Una coalición para suceder a Pujol

Las elecciones autonómicas del próximo domingo en Cataluña son seguramente las más importantes desde 1980. Lo son porque marcarán el futuro de su fuerza política dominante, una vez que su fundador y dirigente indiscutido, Jordi Pujol, pasa a la reserva tras 23 años de poder ininterrumpido, cediendo su antorcha al delfín Artur Mas. Lo son porque por vez primera existe la posibilidad de que un líder no nacionalista, el socialista Pasqual Maragall, acceda a la presidencia de esta comunidad autónoma histórica, con el impacto que esa eventualidad tendría en las expectativas del socialismo español. Y lo son también porque alumbrarán, sin apenas dudas, un Gobierno de coalición -veremos de qué signo-, dado que el empuje de los tres partidos menores, la Esquerra de Josep Lluís Carod-Rovira, el PP de Josep Piqué y la Iniciativa de Joan Saura, permite descartar con toda seguridad que ninguno de los dos grandes alcance la mayoría absoluta.

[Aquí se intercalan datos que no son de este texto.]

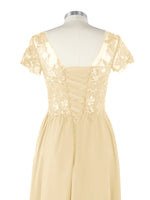 Short Sleeves Chiffon Dress 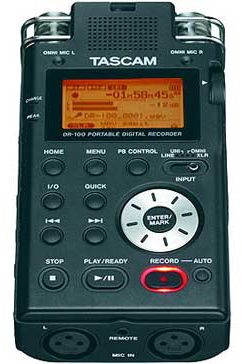 tascam-dr-100-portable-audio-recorder-photo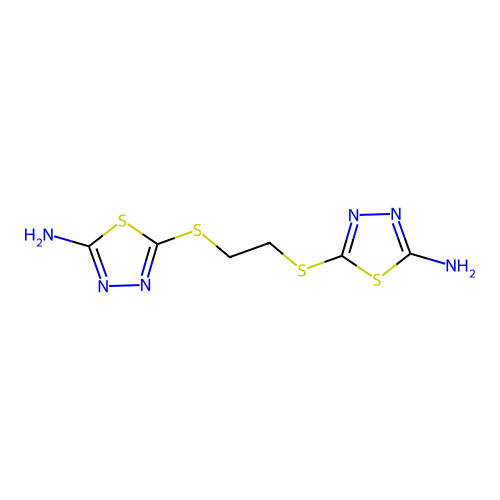 1,3,4-Thiadiazol-2-amine, 5,5'-[1,2-ethanediylbis(thio)]bis- structure
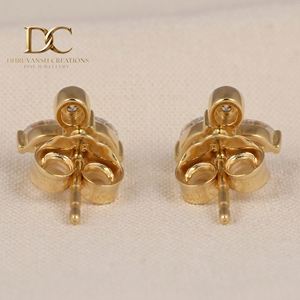New Arrival 14KT Solid Gold IGI Certified Lab Grown Diamond <b>Stud</b> <b>Earring</b> Marquise Brilliant Cut Engagement Wedding Women Jewelry - Product Image 3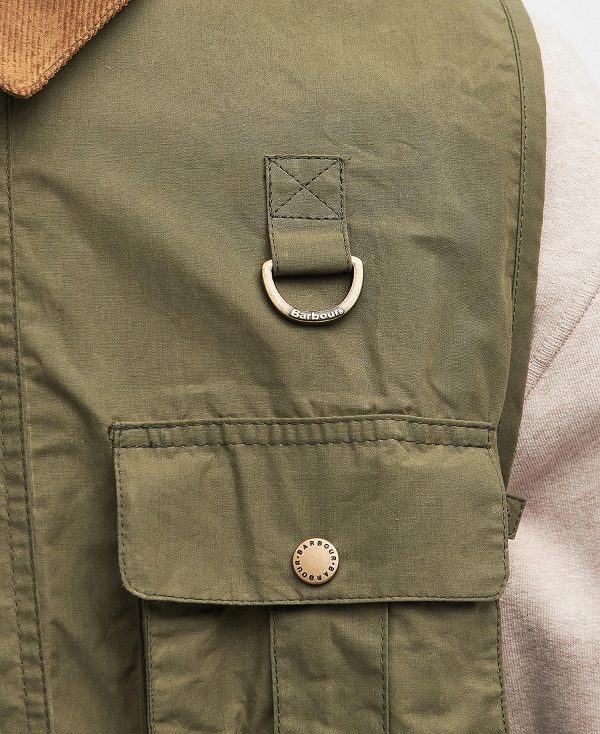 Barbour Modified Transport Vest Dusky Green | BABO87555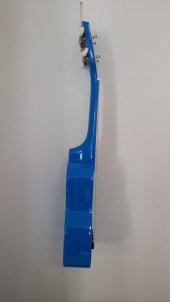 CREMONIA AU01L-21DBL UKULELE 21" KOYU MAVİ CREMONIA, AU01L-21DBL, Soprano Ukulele 21", Koyu Mavi (Dark Blue), Kapak & Arka & Yanlar: Linden  - 3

La importancia se redobla por lo incierto del resultado tras el final de un patriarcado irrepetible, la existencia de cinco partidos que pugnan por espacios frecuentemente superpuestos y la sobreponderación del voto en las pequeñas circunscripciones de Tarragona, Lleida y Girona. Es cierto que Maragall exhibe una cierta ventaja en las previsiones de las encuestas, como la que hoy publica este periódico, pero tan mínima que más bien prefigura un empate, y algunas incluso sitúan por delante al convergente Artur Mas. La experiencia demuestra que en situaciones de cambio los estudios demoscópicos no consiguen captar todos los elementos emergentes y que el desarrollo de la campaña puede resultar decisivo.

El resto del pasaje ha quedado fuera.